** Opening Records provided block **
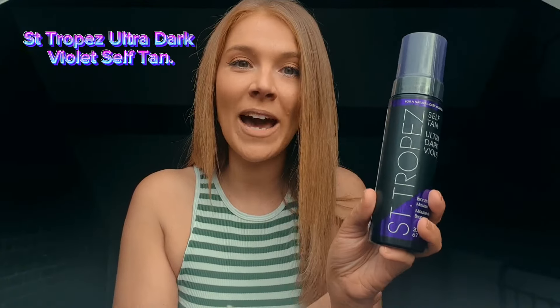I give honest reviews on self-tans, and this has just come out — the St. Tropez Ultra Dark Violet version, which is very exciting. I quite like a violet tan, though if it's too violet it can look quite gray on me, so we shall see. I purchased this for £27 — I'll link it in the description box — but in general it is £35, which is a lot of money. It's always been one of the most expensive tans; St. Tropez is like the OG of tans.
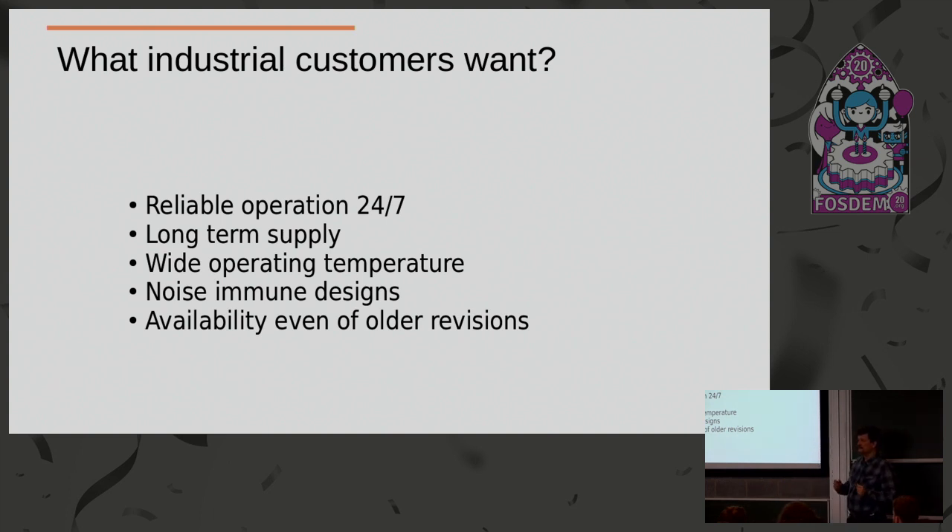Wide operating temperature is of course also related to reliable operation. These machines generate a lot of noise — huge currents pass through the board. You have to be noise immune and operate in harsh environments across a wide temperature range because they work outside. And what industrial people want is old revisions of boards. They certified their product with revision G; now we're already at revision K. But they say: I don't need it, it works for me, I want to buy revision G. We can do this for them because we have all the documentation, and if they say I want revision G with these known bugs — I don't care, it works in our device, we don't want to change.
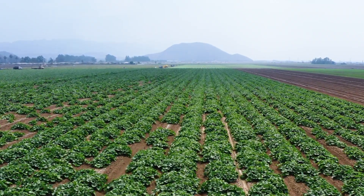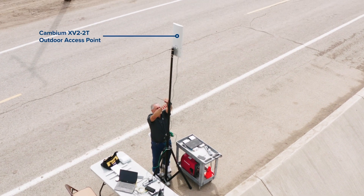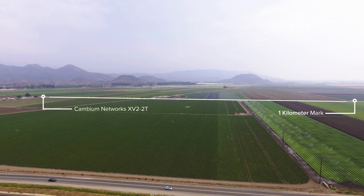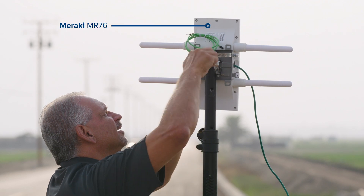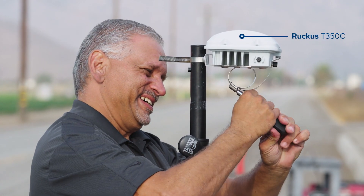We're out here today in the fields in Camarillo, California, where we've been testing our Wi-Fi 6 outdoor access point from zero meters all the way out to one kilometer. We will be testing Cambium Network's new XV2-2T access point against the Meraki MR76 and the Ruckus T-350C access points.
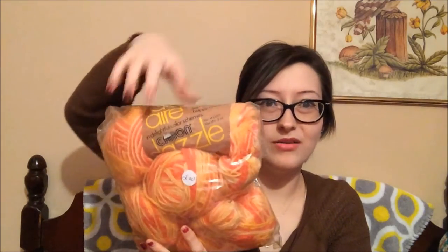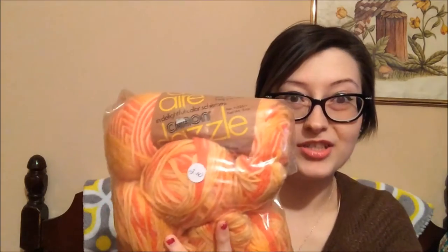The first thing I saw was this really pretty orange and yellow. They had a little bit more than this, and there is another skein of it. Some of these are yarn balls and there's about a little less than half a skein here. It was only $2, so that wasn't too bad.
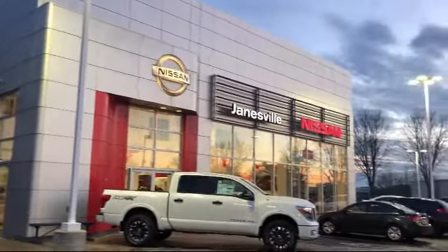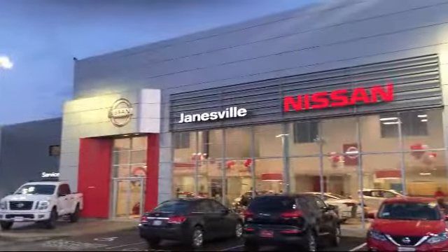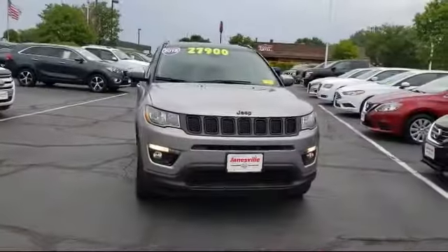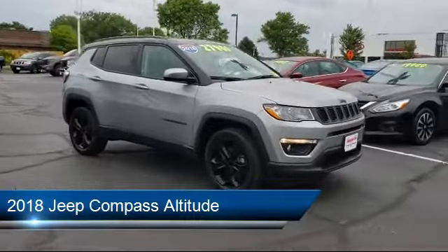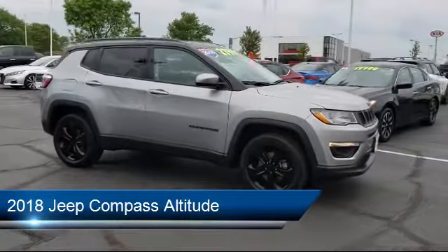Welcome to Janesville Nissan, your premier destination for purchasing a vehicle. Here's a look at another one of our great vehicles in inventory. It comes equipped with steering wheel controls, keyless entry, and privacy glass.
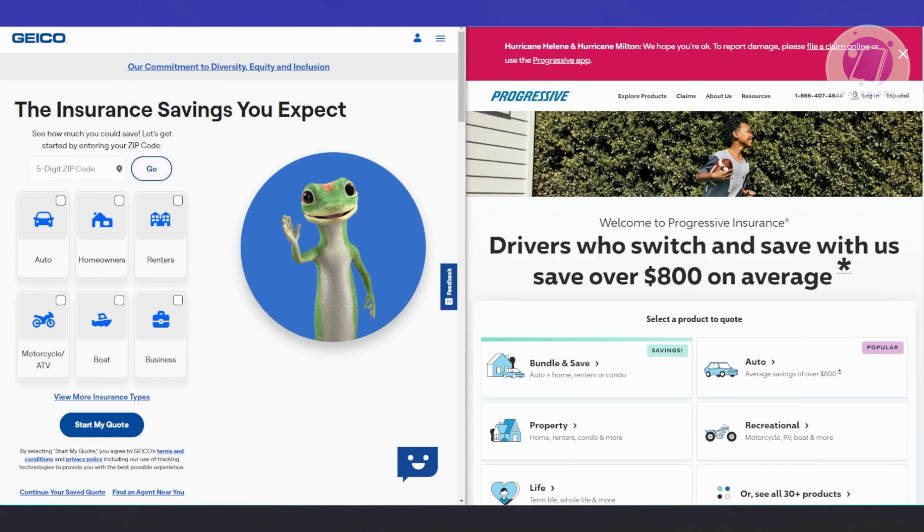Both Geico and Progressive offer standard coverage options like liability, collision, comprehensive, and medical payments. However, Progressive provides a few extra features that Geico doesn't, like rideshare coverage, custom parts coverage, and accident forgiveness. This makes Progressive a better option for drivers who need these added benefits, though availability can vary by location.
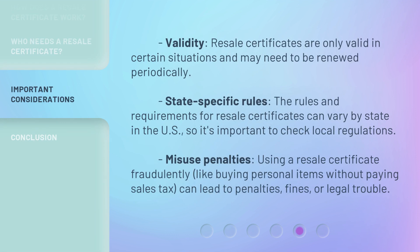Validity: Resale certificates are only valid in certain situations and may need to be renewed periodically. State-specific rules: The rules and requirements for resale certificates can vary by state in the U.S., so it's important to check local regulations. Misuse penalties: Using a resale certificate fraudulently, like buying personal items without paying sales tax, can lead to penalties, fines, or legal trouble.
** Closing Records provided block **
■ Exercise ■
In the listing above, find the line with "The first thing" and the line with "Welcome to Janesville". Copy exactly those two and every line between, without the pictures.

■ Task answer ■
The first thing I saw was this really pretty orange and yellow. They had a little bit more than this, and there is another skein of it. Some of these are yarn balls and there's about a little less than half a skein here. It was only $2, so that wasn't too bad.
Welcome to Janesville Nissan, your premier destination for purchasing a vehicle. Here's a look at another one of our great vehicles in inventory. It comes equipped with steering wheel controls, keyless entry, and privacy glass.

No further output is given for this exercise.